INSTRUCTIONS FOR THE TASK - For this task, every record below must be reproduced exactly.

───── SUPPLIED RECORDS ─────

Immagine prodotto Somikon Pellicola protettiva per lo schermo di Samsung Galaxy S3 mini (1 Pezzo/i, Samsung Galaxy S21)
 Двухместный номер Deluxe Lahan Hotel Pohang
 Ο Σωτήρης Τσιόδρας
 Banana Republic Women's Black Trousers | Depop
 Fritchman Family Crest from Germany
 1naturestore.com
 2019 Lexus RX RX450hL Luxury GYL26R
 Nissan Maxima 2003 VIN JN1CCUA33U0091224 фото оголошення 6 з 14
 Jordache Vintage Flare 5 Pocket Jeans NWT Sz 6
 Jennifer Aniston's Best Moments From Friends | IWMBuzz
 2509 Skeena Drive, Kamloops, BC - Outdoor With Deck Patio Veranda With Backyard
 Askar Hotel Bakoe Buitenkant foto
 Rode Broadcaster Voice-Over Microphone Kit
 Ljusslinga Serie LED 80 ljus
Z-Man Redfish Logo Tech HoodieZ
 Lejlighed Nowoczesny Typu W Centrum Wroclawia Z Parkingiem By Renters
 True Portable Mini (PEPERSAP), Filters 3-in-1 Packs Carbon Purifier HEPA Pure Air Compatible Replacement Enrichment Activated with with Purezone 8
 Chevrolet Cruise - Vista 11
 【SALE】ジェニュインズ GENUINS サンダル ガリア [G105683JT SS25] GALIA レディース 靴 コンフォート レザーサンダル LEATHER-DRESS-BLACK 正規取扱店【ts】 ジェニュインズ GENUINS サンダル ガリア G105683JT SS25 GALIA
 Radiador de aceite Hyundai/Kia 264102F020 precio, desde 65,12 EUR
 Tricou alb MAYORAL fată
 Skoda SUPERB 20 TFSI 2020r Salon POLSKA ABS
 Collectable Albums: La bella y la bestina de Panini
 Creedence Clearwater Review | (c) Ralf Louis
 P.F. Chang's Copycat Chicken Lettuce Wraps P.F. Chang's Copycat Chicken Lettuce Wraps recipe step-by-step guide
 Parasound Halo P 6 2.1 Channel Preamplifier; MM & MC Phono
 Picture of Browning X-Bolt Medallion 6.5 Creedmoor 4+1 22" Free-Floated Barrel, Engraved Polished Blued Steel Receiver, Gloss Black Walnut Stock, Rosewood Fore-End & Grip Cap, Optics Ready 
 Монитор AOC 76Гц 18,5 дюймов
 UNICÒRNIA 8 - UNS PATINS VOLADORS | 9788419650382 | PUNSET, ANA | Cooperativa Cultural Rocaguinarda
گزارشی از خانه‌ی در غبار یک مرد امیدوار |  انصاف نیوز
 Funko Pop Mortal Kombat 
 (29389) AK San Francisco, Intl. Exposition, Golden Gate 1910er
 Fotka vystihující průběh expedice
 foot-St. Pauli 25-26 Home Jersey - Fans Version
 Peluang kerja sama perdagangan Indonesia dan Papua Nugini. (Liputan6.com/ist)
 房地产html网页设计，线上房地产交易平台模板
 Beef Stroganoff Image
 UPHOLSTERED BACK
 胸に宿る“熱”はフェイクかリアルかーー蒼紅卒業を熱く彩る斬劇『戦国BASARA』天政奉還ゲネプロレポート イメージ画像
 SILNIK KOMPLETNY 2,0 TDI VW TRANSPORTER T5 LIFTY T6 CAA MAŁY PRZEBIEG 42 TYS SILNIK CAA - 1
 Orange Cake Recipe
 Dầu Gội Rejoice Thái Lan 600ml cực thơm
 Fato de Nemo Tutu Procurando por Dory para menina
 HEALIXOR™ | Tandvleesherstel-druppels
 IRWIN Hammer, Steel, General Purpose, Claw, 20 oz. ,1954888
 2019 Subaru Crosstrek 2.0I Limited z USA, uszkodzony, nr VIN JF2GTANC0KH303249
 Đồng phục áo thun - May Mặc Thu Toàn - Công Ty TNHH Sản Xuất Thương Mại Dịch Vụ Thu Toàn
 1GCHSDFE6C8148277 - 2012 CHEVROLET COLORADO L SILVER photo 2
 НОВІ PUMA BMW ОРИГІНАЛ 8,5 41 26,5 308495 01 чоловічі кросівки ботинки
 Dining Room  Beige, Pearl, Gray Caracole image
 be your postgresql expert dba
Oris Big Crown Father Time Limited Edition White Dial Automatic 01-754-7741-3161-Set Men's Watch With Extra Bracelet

─────

SOLVED PROBLEM -
Immagine prodotto Somikon Pellicola protettiva per lo schermo di Samsung Galaxy S3 mini (1 Pezzo/i, Samsung Galaxy S21)
 Двухместный номер Deluxe Lahan Hotel Pohang
 Ο Σωτήρης Τσιόδρας
 Banana Republic Women's Black Trousers | Depop
 Fritchman Family Crest from Germany
 1naturestore.com
 2019 Lexus RX RX450hL Luxury GYL26R
 Nissan Maxima 2003 VIN JN1CCUA33U0091224 фото оголошення 6 з 14
 Jordache Vintage Flare 5 Pocket Jeans NWT Sz 6
 Jennifer Aniston's Best Moments From Friends | IWMBuzz
 2509 Skeena Drive, Kamloops, BC - Outdoor With Deck Patio Veranda With Backyard
 Askar Hotel Bakoe Buitenkant foto
 Rode Broadcaster Voice-Over Microphone Kit
 Ljusslinga Serie LED 80 ljus
Z-Man Redfish Logo Tech HoodieZ
 Lejlighed Nowoczesny Typu W Centrum Wroclawia Z Parkingiem By Renters
 True Portable Mini (PEPERSAP), Filters 3-in-1 Packs Carbon Purifier HEPA Pure Air Compatible Replacement Enrichment Activated with with Purezone 8
 Chevrolet Cruise - Vista 11
 【SALE】ジェニュインズ GENUINS サンダル ガリア [G105683JT SS25] GALIA レディース 靴 コンフォート レザーサンダル LEATHER-DRESS-BLACK 正規取扱店【ts】 ジェニュインズ GENUINS サンダル ガリア G105683JT SS25 GALIA
 Radiador de aceite Hyundai/Kia 264102F020 precio, desde 65,12 EUR
 Tricou alb MAYORAL fată
 Skoda SUPERB 20 TFSI 2020r Salon POLSKA ABS
 Collectable Albums: La bella y la bestina de Panini
 Creedence Clearwater Review | (c) Ralf Louis
 P.F. Chang's Copycat Chicken Lettuce Wraps P.F. Chang's Copycat Chicken Lettuce Wraps recipe step-by-step guide
 Parasound Halo P 6 2.1 Channel Preamplifier; MM & MC Phono
 Picture of Browning X-Bolt Medallion 6.5 Creedmoor 4+1 22" Free-Floated Barrel, Engraved Polished Blued Steel Receiver, Gloss Black Walnut Stock, Rosewood Fore-End & Grip Cap, Optics Ready 
 Монитор AOC 76Гц 18,5 дюймов
 UNICÒRNIA 8 - UNS PATINS VOLADORS | 9788419650382 | PUNSET, ANA | Cooperativa Cultural Rocaguinarda
گزارشی از خانه‌ی در غبار یک مرد امیدوار |  انصاف نیوز
 Funko Pop Mortal Kombat 
 (29389) AK San Francisco, Intl. Exposition, Golden Gate 1910er
 Fotka vystihující průběh expedice
 foot-St. Pauli 25-26 Home Jersey - Fans Version
 Peluang kerja sama perdagangan Indonesia dan Papua Nugini. (Liputan6.com/ist)
 房地产html网页设计，线上房地产交易平台模板
 Beef Stroganoff Image
 UPHOLSTERED BACK
 胸に宿る“熱”はフェイクかリアルかーー蒼紅卒業を熱く彩る斬劇『戦国BASARA』天政奉還ゲネプロレポート イメージ画像
 SILNIK KOMPLETNY 2,0 TDI VW TRANSPORTER T5 LIFTY T6 CAA MAŁY PRZEBIEG 42 TYS SILNIK CAA - 1
 Orange Cake Recipe
 Dầu Gội Rejoice Thái Lan 600ml cực thơm
 Fato de Nemo Tutu Procurando por Dory para menina
 HEALIXOR™ | Tandvleesherstel-druppels
 IRWIN Hammer, Steel, General Purpose, Claw, 20 oz. ,1954888
 2019 Subaru Crosstrek 2.0I Limited z USA, uszkodzony, nr VIN JF2GTANC0KH303249
 Đồng phục áo thun - May Mặc Thu Toàn - Công Ty TNHH Sản Xuất Thương Mại Dịch Vụ Thu Toàn
 1GCHSDFE6C8148277 - 2012 CHEVROLET COLORADO L SILVER photo 2
 НОВІ PUMA BMW ОРИГІНАЛ 8,5 41 26,5 308495 01 чоловічі кросівки ботинки
 Dining Room  Beige, Pearl, Gray Caracole image
 be your postgresql expert dba
Oris Big Crown Father Time Limited Edition White Dial Automatic 01-754-7741-3161-Set Men's Watch With Extra Bracelet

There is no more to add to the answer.